Liputan6.com, Bandung: Tak ada yang istimewa dari rumah di Jalan Adibrata, Kelurahan Kebon Jeruk, Kecamatan Andir, Bandung, Jawa Barat itu. Sekilas, rumah milik Budi Halim ini, layaknya tempat tinggal lain di sekitarnya. Namun rumah itu tiba-tiba menjadi perhatian masyarakat ketika seorang anak perempuan lulusan sekolah lanjutan pertama bernama Dewi melapor ke Kepolisian Wilayah Kota Besar Bandung, awal Juli silam. Budi Halim menyekap belasan anak buat dipekerjakan.
Dewi adalah satu di antara anak-anak di bawah umur yang dipekerjakan di CV Langgeng Computer Embriodery, pabrik konveksi milik Budi Halim dan istrinya, Herawati.

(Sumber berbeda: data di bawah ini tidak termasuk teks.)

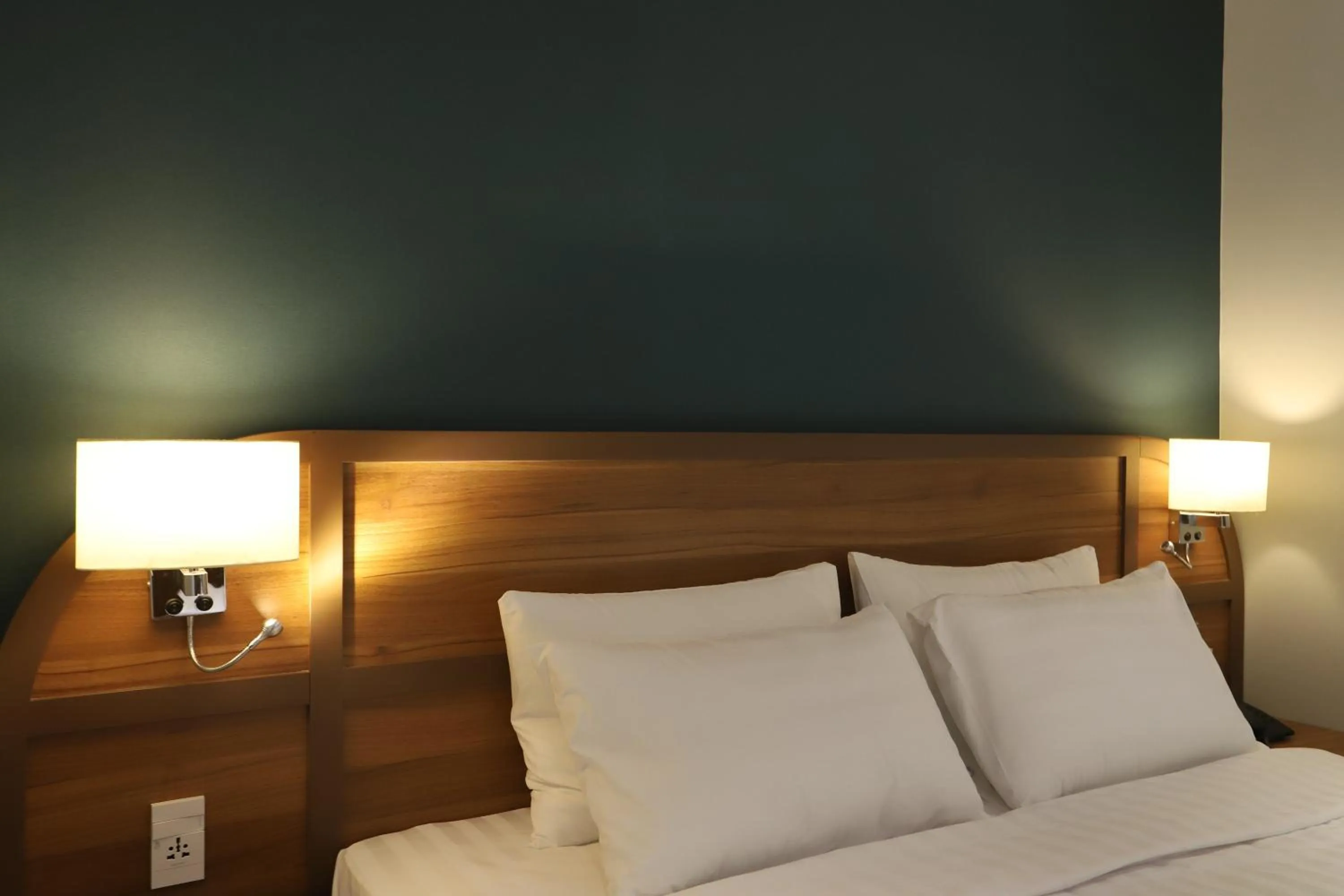 Bed in Lanura Apartments and Hotel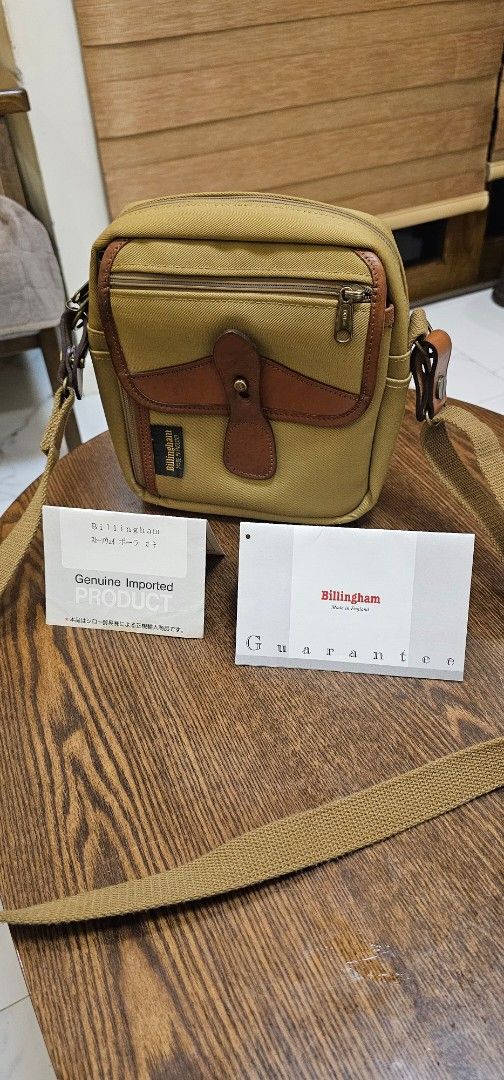 Vintage Billingham Pola Stowaway (Category: Luxury Bags & Wallets) located in Navotas City. Submitted by walburst (Listing ID 1462111392, Image 1). Description: Vintage Billingham Pola Stowaway series Made in England Prod Year: 1998 OPTI zippers Brass hardwares (complete and working) Guarantee card/paper In good condition considering its age. *minor leather piping cracks.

Dewi kabur dari rumah Budi--yang sekaligus menjadi pabrik--karena tak tahan dipekerjakan di luar batas kemanusiaan. Polisi yang menggerebek konveksi tersebut kemudian menemukan 12 anak berusia 11 hingga 18 tahun. Sebagian besar dari mereka berasal dari daerah sekitar Bandung dan Cianjur.

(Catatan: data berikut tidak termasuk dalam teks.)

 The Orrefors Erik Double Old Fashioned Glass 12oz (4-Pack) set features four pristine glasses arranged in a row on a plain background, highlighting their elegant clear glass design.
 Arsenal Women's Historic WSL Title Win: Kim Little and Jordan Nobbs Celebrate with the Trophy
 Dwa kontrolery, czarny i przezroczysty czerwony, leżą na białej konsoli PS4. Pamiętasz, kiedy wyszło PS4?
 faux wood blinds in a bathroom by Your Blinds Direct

Dede Sutianingsih, seorang anak yang juga senasib dengan Dewi akhirnya berkisah. Menurut gadis muda ini, anak-anak yang bekerja di konveksi milik Budi harus bekerja selama 12 jam dari pukul 07.00 hingga 19.00 WIB. Mereka hanya diberi waktu istirahat setengah jam. Parahnya, selama istirahat itu mereka dilarang ke luar atau beranjak dari tempat kerja. "Jongkok atau berdiri sebentar saja si Engkoh (Budi) dan si Enci (Herawati) suka marah. Bahkan sering mencaci maki dengan kata-kata goblok, anjing, sambil mendorong kepala," kata Dede, miris.
Bisa jadi, penderitaan tadi tak dialami mereka, seandainya tak ada orang yang bernama Pipin, calo pekerja. Namun, perempuan ini malah mengaku tak menyangka anak-anak itu akan bernasib buruk. "Kalau kursus menjahit kan harus bayar. Sedangkan bekerja di konveksi itu bekerja sambil belajar," kata Pipin yang mengaku mendapat upah Rp 20 ribu per anak dari Budi.

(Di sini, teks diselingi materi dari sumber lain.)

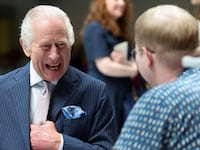 King Charles meets with patient Jasper Keech during a visit to the University College Hospital Macmillan Cancer Centre in London, Britain, April 30, 2024.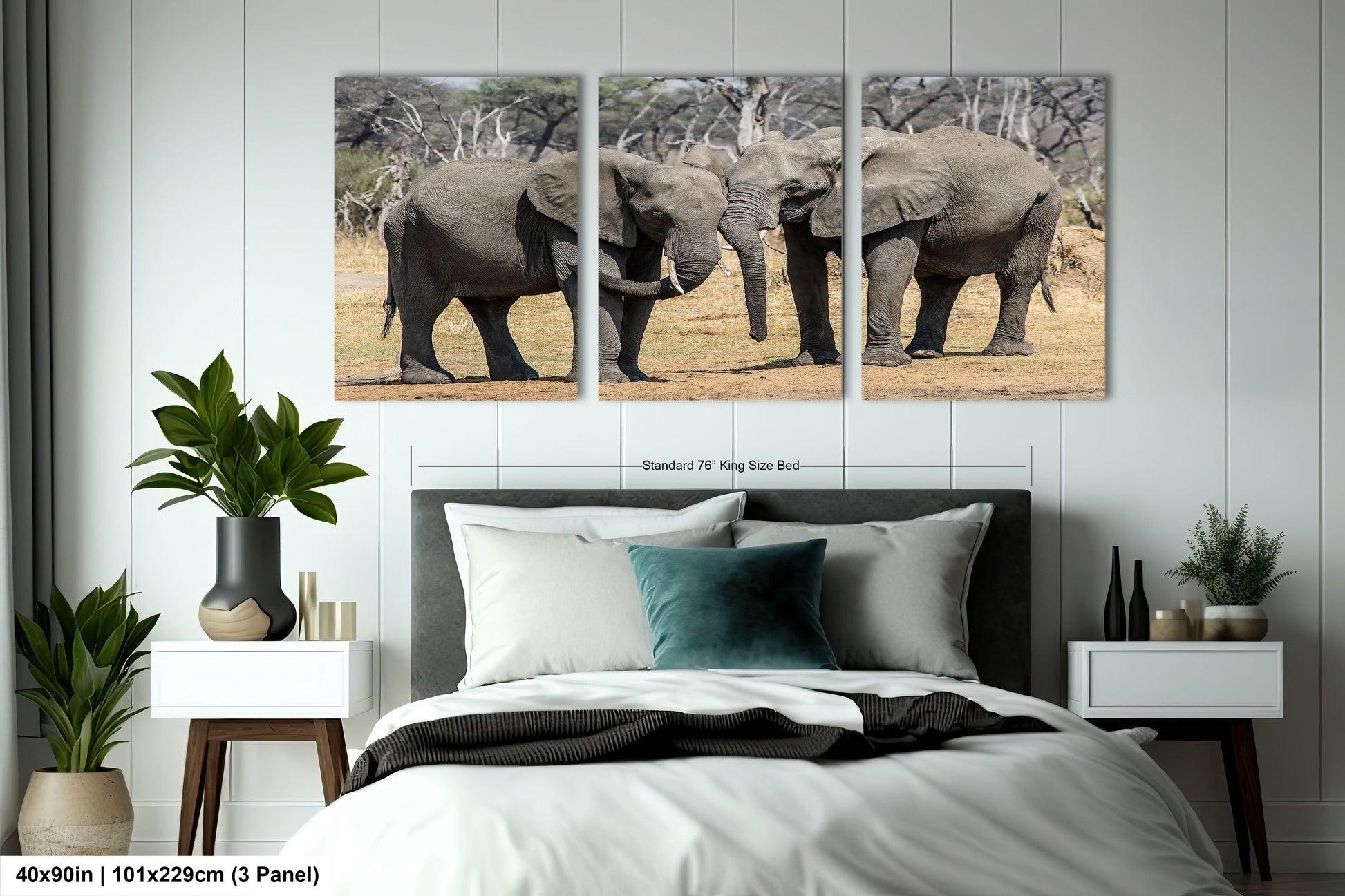 a couple of elephants standing next to each other on a bed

Menurut Dede, sebelumnya Pipin memang menjanjikan iming-iming gaji lebih dari Rp 100 ribu per bulan. Selain itu mereka juga akan diajari membordir dan menjahit. Namun, setelah beberapa bulan bekerja, janji tinggal janji. Gaji tak pernah mereka terima, yang ada malah cacian dan makian. "Alasannya gaji belum dibayar, karena bekerja baru empat bulan, belum setahun," kata Dede.
Sebenarnya anak-anak tadi sudah tak betah buat tinggal dan bekerja di tempat itu. Namun Ai Solihat--yang berusia 11 tahun--tak berani pulang kampung, karena takut tersesat. Sementara Pipit, sempat berniat kabur, namun pintu konveksi selalu digembok. Kini anak-anak itu memilih pulang kampung dan kembali ke orangtuanya. Dede, Ai Solihat, dan Pipit yang berasal dari Gunung Halu, Bandung, mengaku belum berencana mencari pekerjaan lain. Maklum, mereka umumnya trauma dengan perlakuan Budi dan Herawati, sang majikan.
Budi dan Herawati yang kini resmi menjadi tersangka, kontan membantah telah menyekap dan mempekerjakan anak-anak di luar batas kemanusiaan. Menurut Budi, anak-anak diterima kerja semata-mata sebagai upaya menolong orangtua mereka. "Di antara anak-anak itu, bahkan ada yang diserahkan langsung orangtuanya," kata lelaki yang mendirikan konveksi sejak 1995 ini.
Apapun alasan yang dikemukakan Budi dan Herawati, keduanya kini dikenai status tahanan rumah setelah sebelumnya harus meringkuk di tahanan Polwiltabes Bandung. Suami istri yang diganjar Pasal 333 Kitab Undang-undang Hukum Acara Pidana tentang Perampasan Kebebasan Seseorang itu, mengaku pasrah. Menurut Kepala Polwiltabes Bandung Ajun Komisaris Besar Polisi Masguntur Laupe, dari pemeriksaan awal tersangka telah menyekap anak-anak di bawah umur. "Unsur penyekapan telah terbukti dengan pintu gerbang yang digembok. Termasuk soal gaji yang tidak dibayar," kata Masguntur.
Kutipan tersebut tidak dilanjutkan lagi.